Pyrex National Baking Week

Homemade Family Time
16th - 22nd
October 2017

Carrot Cake

Cooking time: 
Under an hour
makes 1x 8" cake
Preparation time: 
15-30 minutes


  • 225g Stork tub
  • 3 eggs, large
  • 100g golden syrup
  • 160g Billington’s Dark Muscovado Sugar
  • 240g Nature Friendly White Self Raising Flour
  • 2 tsp cinnamon
  • 1 tsp baking powder
  • 250g grated carrot
  • 60g sultanas


  • 25g Stork tub, softened
  • 75g cream cheese
  • 150g Billington’s Golden Icing Sugar

Scales, Oven thermometer, large mixing bowl, jug, 8” deep springform tin,jug, grater, peeler, silicone spatula, non-stick baking paper, cooling rack, sieve, scissors, measuring spoons. 

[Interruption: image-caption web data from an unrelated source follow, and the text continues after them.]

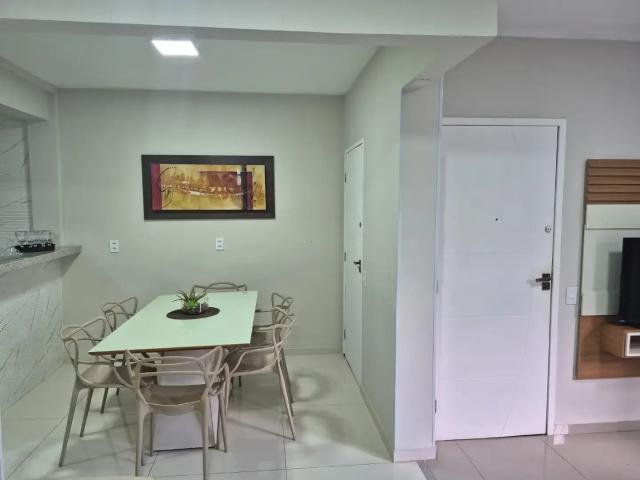 Apartamento aluguel em Região Geográfica Imediata de Vitória, Região Metropolitana da Grande Vitória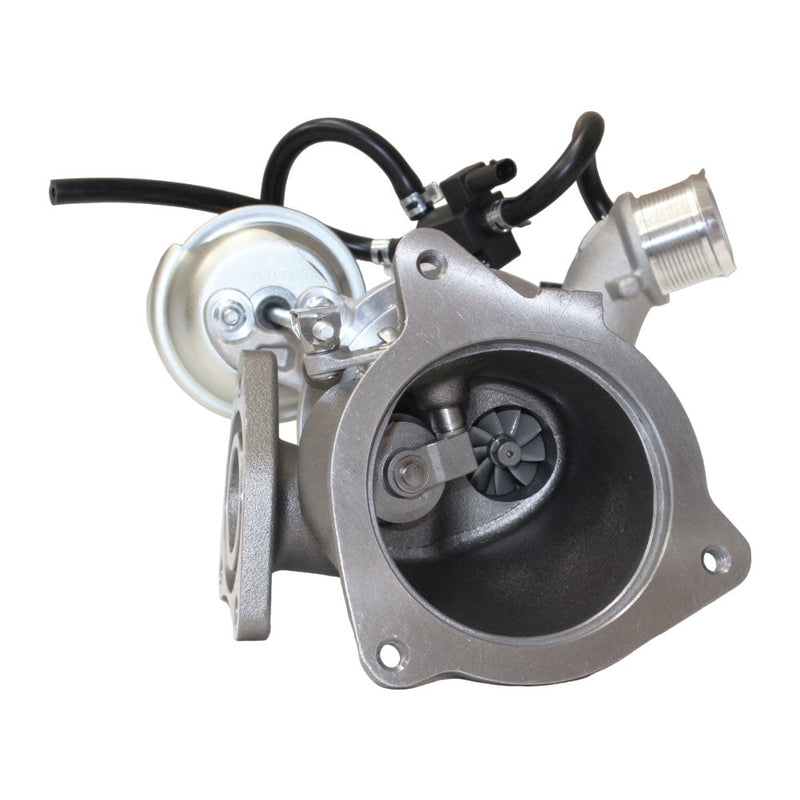 Load image into Gallery viewer, Upgrade Billet Turbo Charger For Ford / Volvo  EcoBoost 1.6L 2011 Onwards
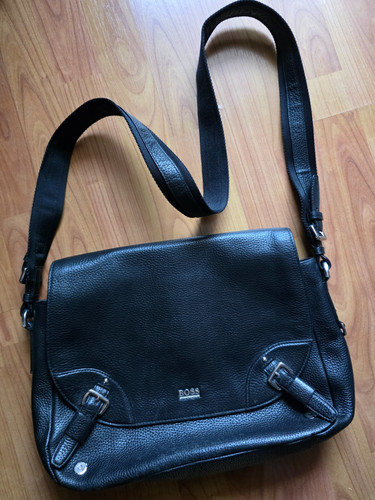 Hugo boss damen - damen, umhÄngetasche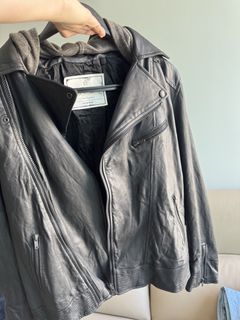 （分類：）位於 。 由 mei1982 提交（商品編號 1466976580，圖片 1）。簡介： 。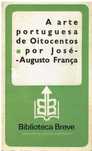 1298 - Biblioteca Breve - Serie Artes Visuais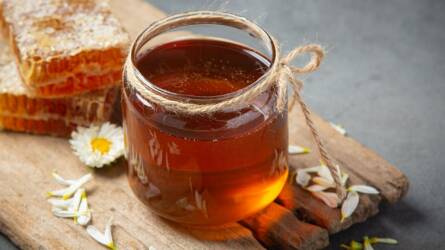 Magyar módszer született a mézhamisítás kiszűrésére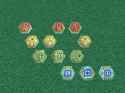 234 KB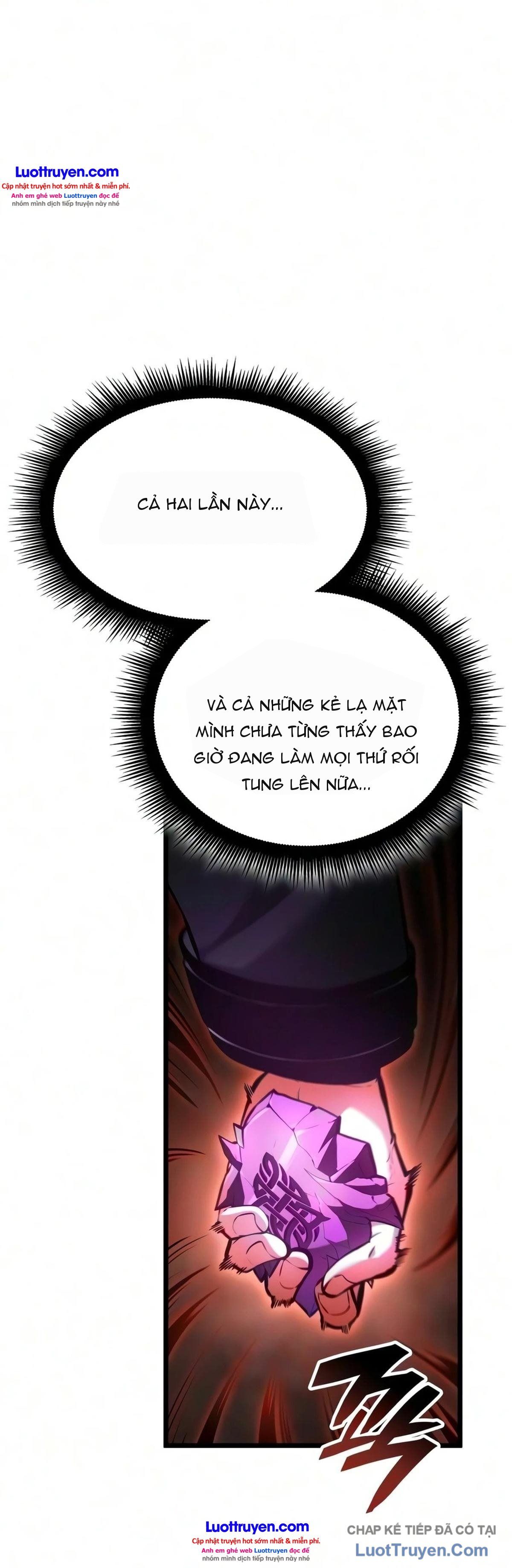 Độc Chiến Đế Vương Chap 75 - Next Chap 76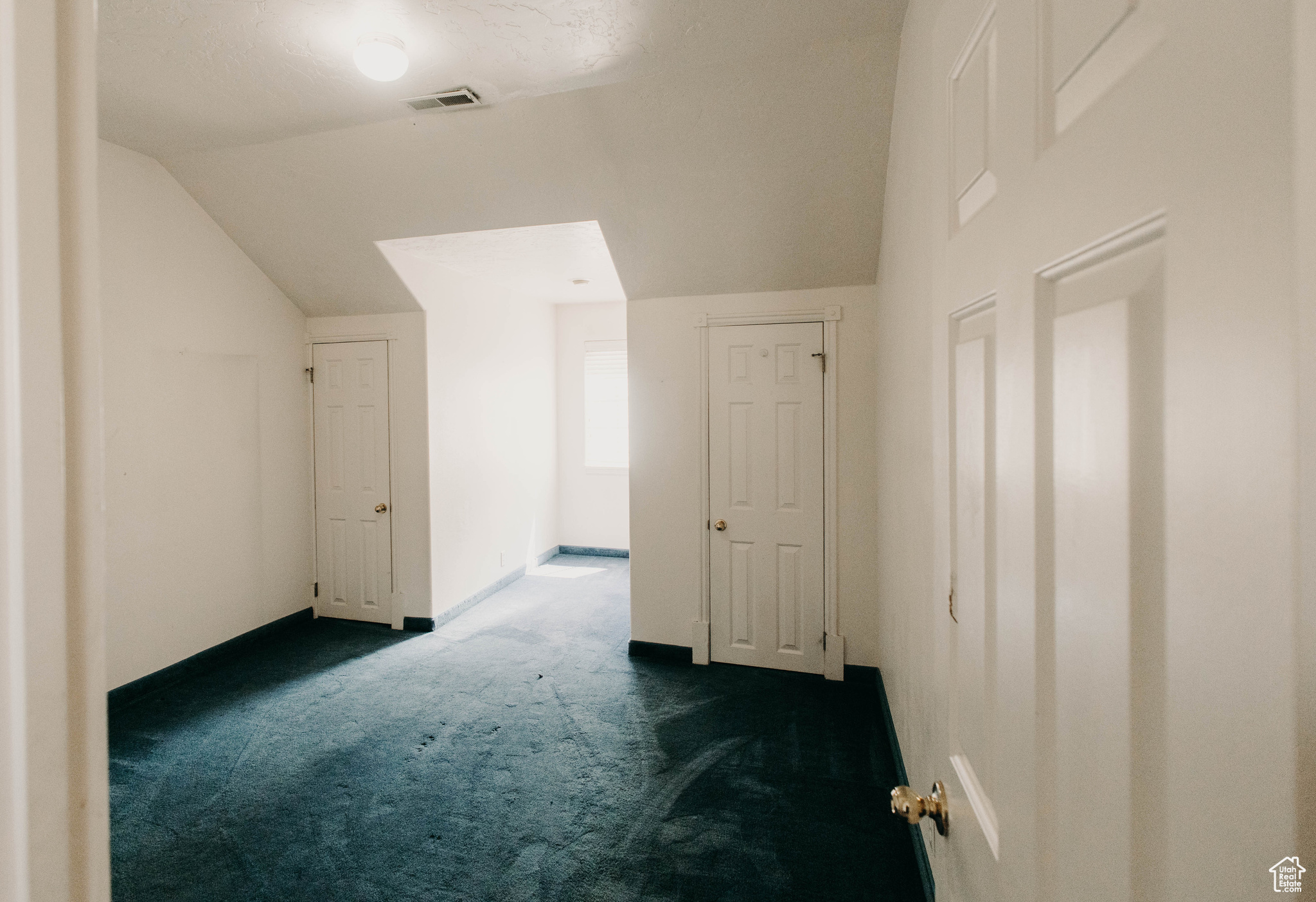 STERLING MEADOWS - Residential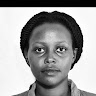 Claudine Mukantwari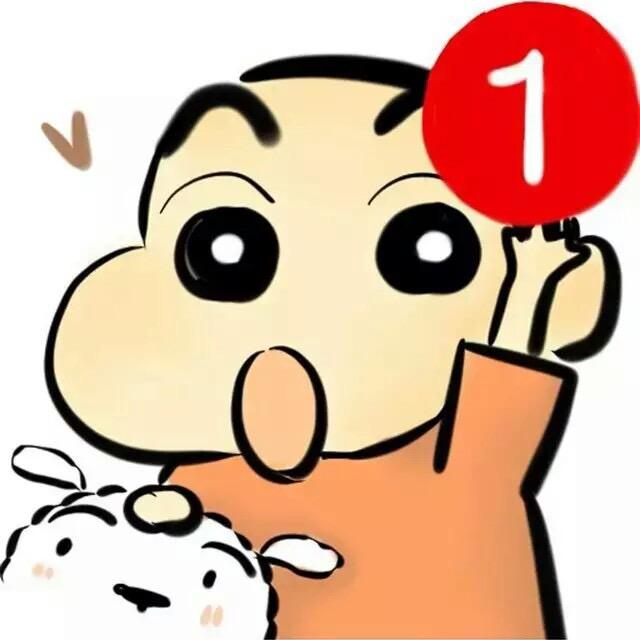 四夕先生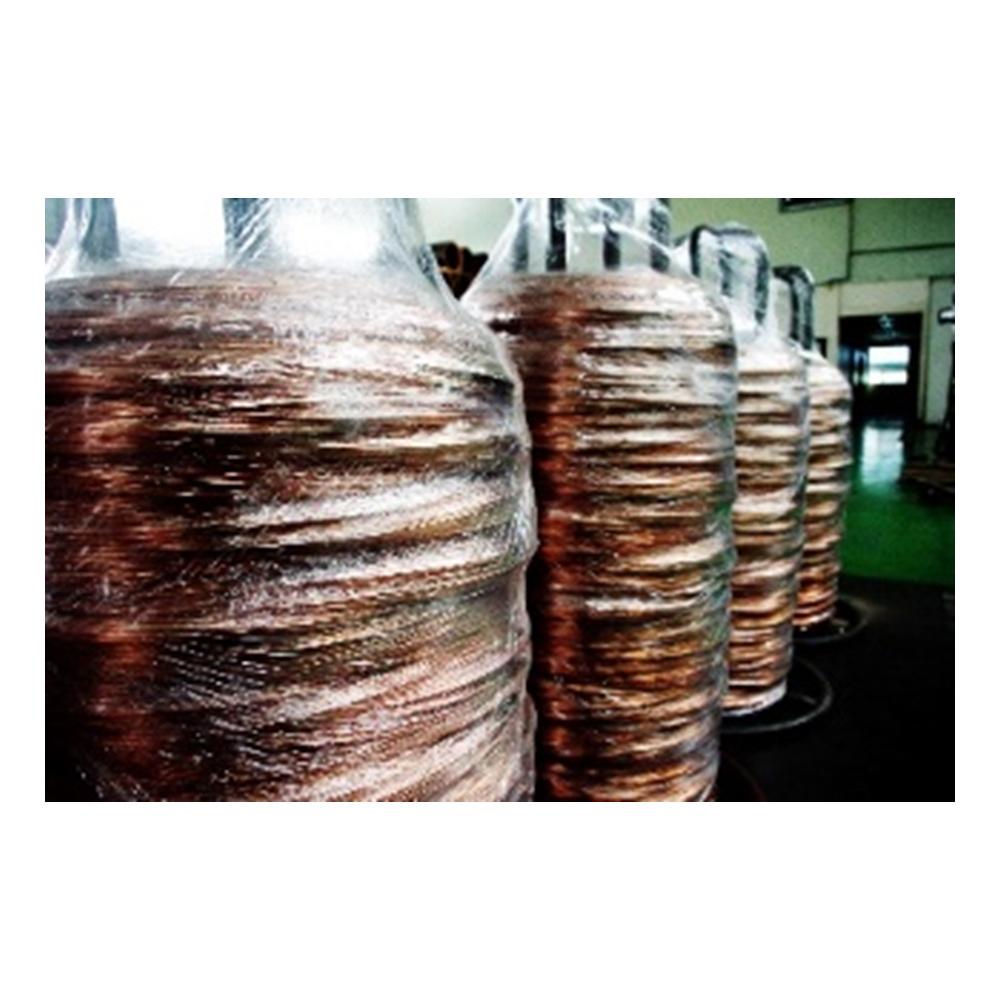 C5191(Drawing - Phosphor Bronze), C5441(Drawing-Leaded Phosphor Bronze)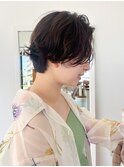 Hair by Palm Springs 806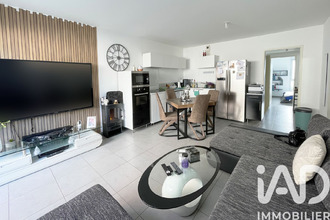 achat appartement marseille 13012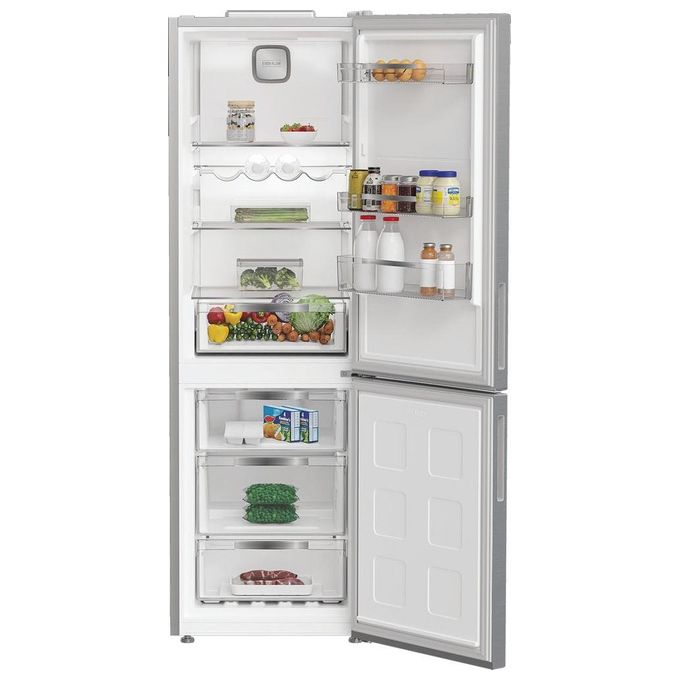 Hotpoint Combinato Hpk 26362 Xp4e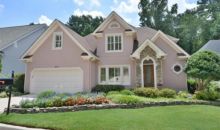 1859 Chamdun Place Atlanta, GA 30341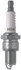 2140 by NGK SPARK PLUGS - Spark Plug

  • Oven Temp: 160c (fan)/180c/Gas Mark 4
  • Prepare the tin, lining the sides and base.
  • In a large bowl combine the self-raising flour, dark muscovado sugar, cinnamon and baking powder.
  • Make a well in the centre and add the golden syrup, eggs and Stork Baking Liquid.
  • Combine to a smooth batter using a wooden spoon.
  • Stir in the grated carrot and sultanas.  Transfer to the prepared tin and bake in the oven for 45-50 minutes or until a skewer when inserted comes out clean. 
  • Transfer to a wire rack and allow to cool completely.
  • Prepare the frosting.  Beat the butter until completely softened. Add the cream cheese and mix until thoroughly combined.
  • Sift in the icing sugar and beat well.
  • Spread the frosting over the top of the cake and serve.